Extracted entries START

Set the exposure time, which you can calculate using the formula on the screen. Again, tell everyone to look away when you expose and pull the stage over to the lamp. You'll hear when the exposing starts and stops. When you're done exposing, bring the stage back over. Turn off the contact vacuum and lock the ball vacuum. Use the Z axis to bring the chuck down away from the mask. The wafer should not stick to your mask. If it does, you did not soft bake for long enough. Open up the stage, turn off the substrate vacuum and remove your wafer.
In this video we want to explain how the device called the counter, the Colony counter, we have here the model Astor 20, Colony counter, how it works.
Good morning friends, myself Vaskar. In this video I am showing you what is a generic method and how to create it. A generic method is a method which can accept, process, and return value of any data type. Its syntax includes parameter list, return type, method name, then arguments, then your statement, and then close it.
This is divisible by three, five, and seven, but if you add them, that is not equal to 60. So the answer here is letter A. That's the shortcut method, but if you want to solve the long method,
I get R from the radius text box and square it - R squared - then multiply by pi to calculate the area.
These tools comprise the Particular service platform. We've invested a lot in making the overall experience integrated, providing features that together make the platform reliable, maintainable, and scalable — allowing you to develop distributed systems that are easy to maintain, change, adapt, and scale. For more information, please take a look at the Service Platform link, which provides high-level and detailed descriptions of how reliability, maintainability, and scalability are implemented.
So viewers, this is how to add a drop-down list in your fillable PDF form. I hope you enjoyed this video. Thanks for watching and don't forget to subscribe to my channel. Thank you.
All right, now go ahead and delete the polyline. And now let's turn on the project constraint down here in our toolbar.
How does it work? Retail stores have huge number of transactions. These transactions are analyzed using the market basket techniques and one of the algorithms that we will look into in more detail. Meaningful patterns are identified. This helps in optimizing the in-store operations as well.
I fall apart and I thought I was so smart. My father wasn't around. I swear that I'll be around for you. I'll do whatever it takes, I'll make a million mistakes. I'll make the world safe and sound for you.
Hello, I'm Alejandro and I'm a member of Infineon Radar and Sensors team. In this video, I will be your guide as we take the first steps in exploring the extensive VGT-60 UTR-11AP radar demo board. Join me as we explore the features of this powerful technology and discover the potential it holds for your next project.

Extracted entries END

Task to carry out
Locate and copy each line in the data above that includes the word "method".

Response below
Good morning friends, myself Vaskar. In this video I am showing you what is a generic method and how to create it. A generic method is a method which can accept, process, and return value of any data type. Its syntax includes parameter list, return type, method name, then arguments, then your statement, and then close it.
This is divisible by three, five, and seven, but if you add them, that is not equal to 60. So the answer here is letter A. That's the shortcut method, but if you want to solve the long method,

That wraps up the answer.